EXERCISE DIRECTIONS
Give the listing again character for character, but drop the images.

STORED DATA
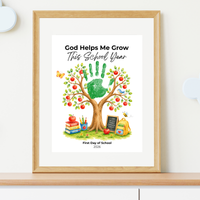 God Helps Me Grow This School Year Handprint Craft Printable, Christian First Day of School Keepsake, Apple Tree Handprint Activity, Preschool Kindergarten PDF
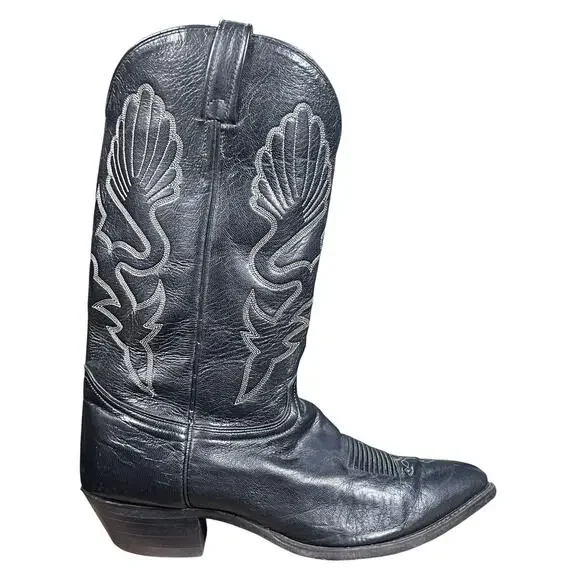 Vintage J. Chisholm Drover Black Leather Western Cowboy Boots Size 13 EE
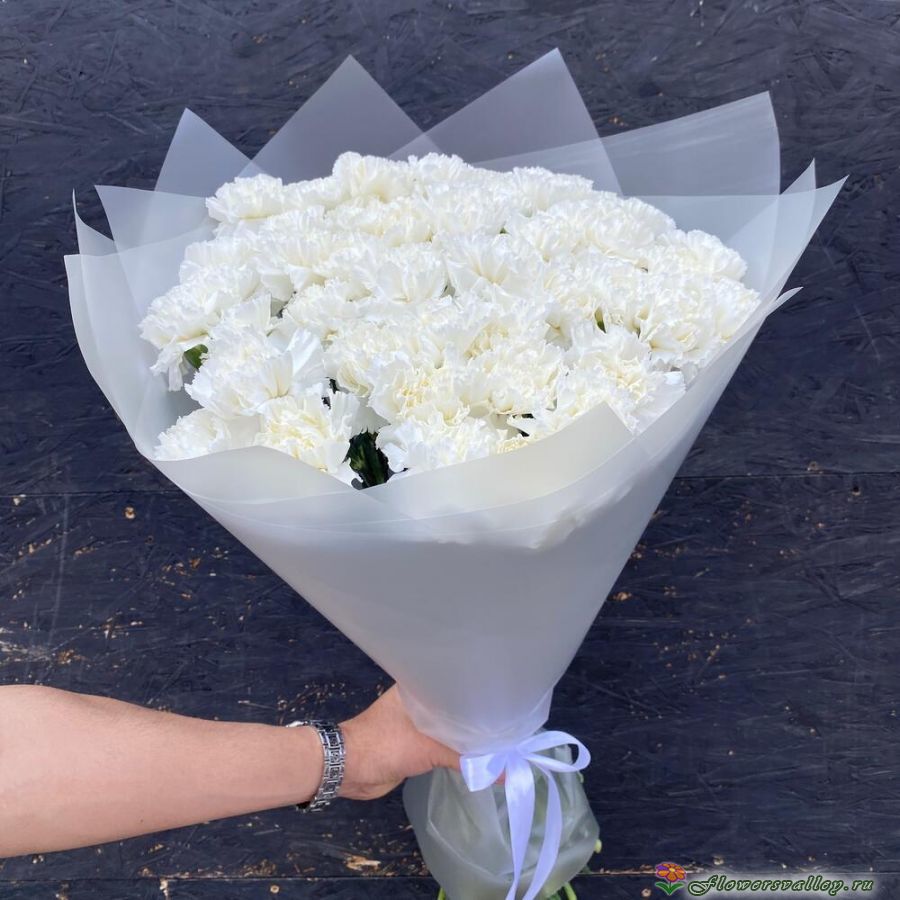 Букет из 35 белых гвоздик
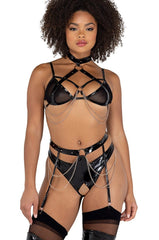 Vinyl And Chain Bra Set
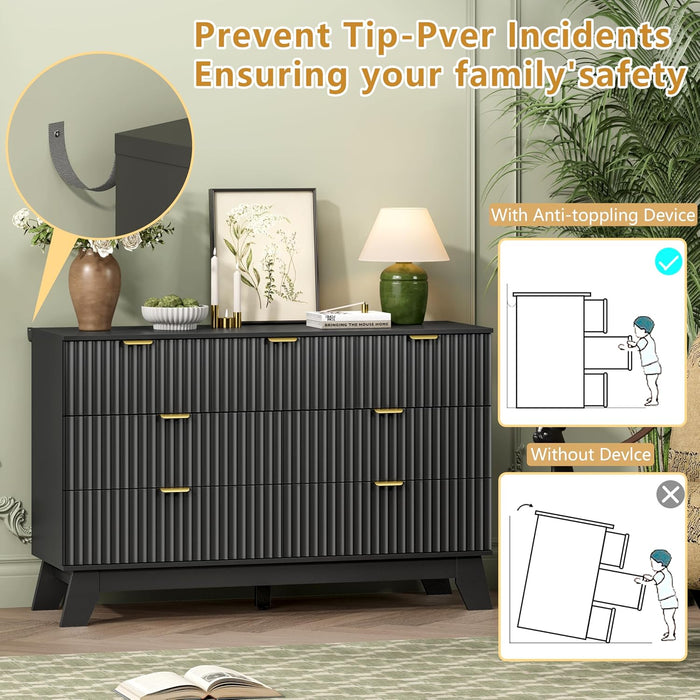7 Drawer Fluted Dresser for Bedroom, Mid Century Modern Dresser with 7 Drawers, Dressers & Chests of Drawers with Metal Handle, TV Stand & Storage Organizer for Entryway, Hallway, Black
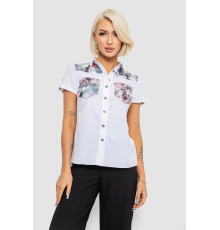 Рубашка классическая с принтом, цвет белый, 230R7211 Рубашка классическая с принтом, цвет белый, 230R7211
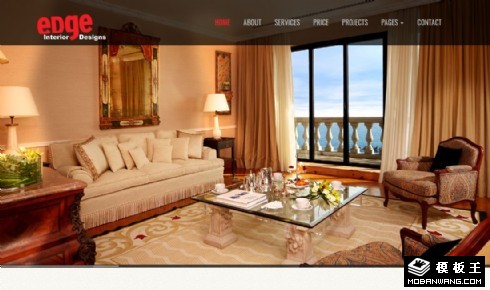 豪华室内装修设计响应式网页模板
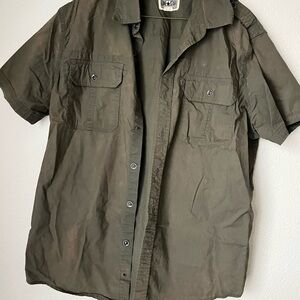 Distressed Grunge Olive Green Short Sleeve Converse Button Down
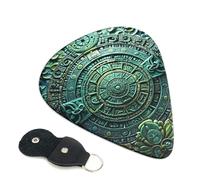 6 Pack Guitar Picks 3 Different Thickness Mayan Calendar End of The World Guitar Plectrums with Organizer Storage Bag Electric Guitars Picks Plectrum for Acoustic Guitars Bass Pick
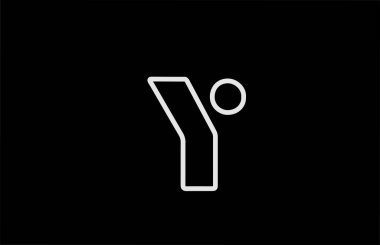 Satırlı Y alfabesi harfi simgesi. İş ve şirket tasarımı için siyah beyaz renk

OUTPUT FOR THIS TASK
 God Helps Me Grow This School Year Handprint Craft Printable, Christian First Day of School Keepsake, Apple Tree Handprint Activity, Preschool Kindergarten PDF
 Vintage J. Chisholm Drover Black Leather Western Cowboy Boots Size 13 EE
 Букет из 35 белых гвоздик
 Vinyl And Chain Bra Set
7 Drawer Fluted Dresser for Bedroom, Mid Century Modern Dresser with 7 Drawers, Dressers & Chests of Drawers with Metal Handle, TV Stand & Storage Organizer for Entryway, Hallway, Black
 Рубашка классическая с принтом, цвет белый, 230R7211 Рубашка классическая с принтом, цвет белый, 230R7211
 豪华室内装修设计响应式网页模板
 Distressed Grunge Olive Green Short Sleeve Converse Button Down
 6 Pack Guitar Picks 3 Different Thickness Mayan Calendar End of The World Guitar Plectrums with Organizer Storage Bag Electric Guitars Picks Plectrum for Acoustic Guitars Bass Pick
 Satırlı Y alfabesi harfi simgesi. İş ve şirket tasarımı için siyah beyaz renk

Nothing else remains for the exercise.